From polywire to radio fences, a complete guide to buying and maintaining a little harvest protection with electric garden fences.

| August/September 1994

Electric fences for most pastures are an expensive but mandatory piece of overhead, and no rancher or farmer with cattle can do without them. Their styles and methods of operation are many (see "Build a High-Tension Fence") but they are designed to enclose areas on a grand scale. For those of us with smaller but equally precious garden plots to protect, modified electric garden fences can assure that your hard-won autumn harvest goes unmolested by other hungry creatures and that your wallet will survive the effort.

With lightweight electric fences, you don't need heavy posts or specialized tools. All you do is push the self-insulating plastic or fiberglass posts into the ground by hand or tap them in with a mallet. And you won't need posts at all if you put up an "invisible" radio fence to keep your doggy out of the veggie patch. But more on that in a moment.

Visible electrified garden fencing comes in three options: twine, tape, and net. A ll three are made from strands of polyethylene combined with metal filaments, the polyethylene for strength, the metal filaments to conduct electric current. Would-be marauders coming into contact with the fence get a jolt that's not unlike a sharp static spark.

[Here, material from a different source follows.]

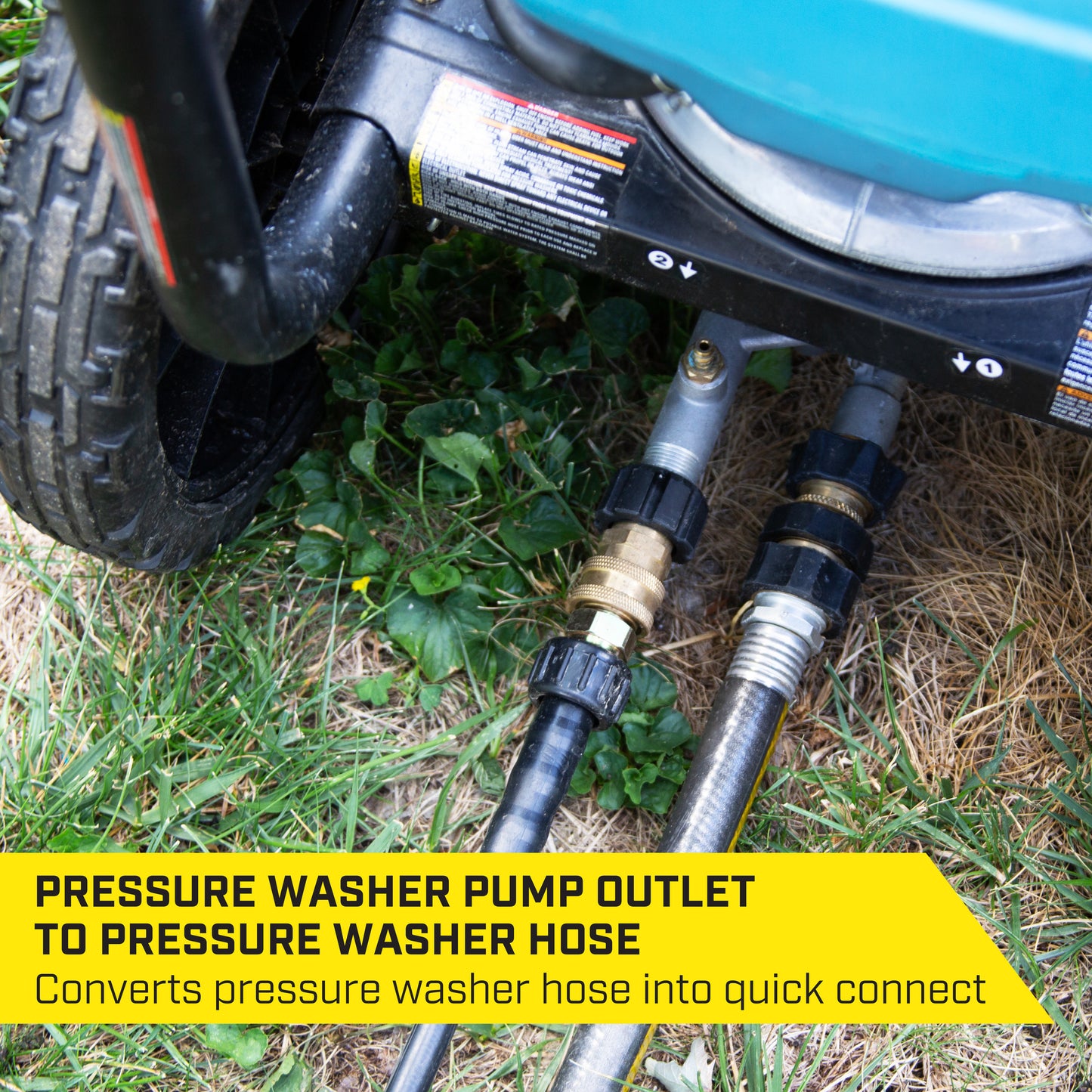 SurfaceMaxx Quick Connect Kit 4500 PSI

The beauty of electroplastic fencing is that it goes up fast. You can fence the average family-sized garden in an hour or less. After the autumn harvest, you can take the fence down, roll it up, and put it away for the winter, giving you an unobstructed view of the backyard while your garden is fallow.

Polywire Fencing

The basic stuff electroplastic fencing is made of is electroplastic twine, also known as "polywire." Lightweight and easy to cut with scissors, polywire is used much the same way you would use any fence wire.

It looks a bit different, however, mainly because it comes in colors—yellow, white, orange, and black. Color affects both the fence's visibility and its resistance to ultraviolet sunlight. Black has the greatest resistance to sunlight but is hardest to see. Color visibility is strictly for the benefit and safety of humans, since most animals are color blind.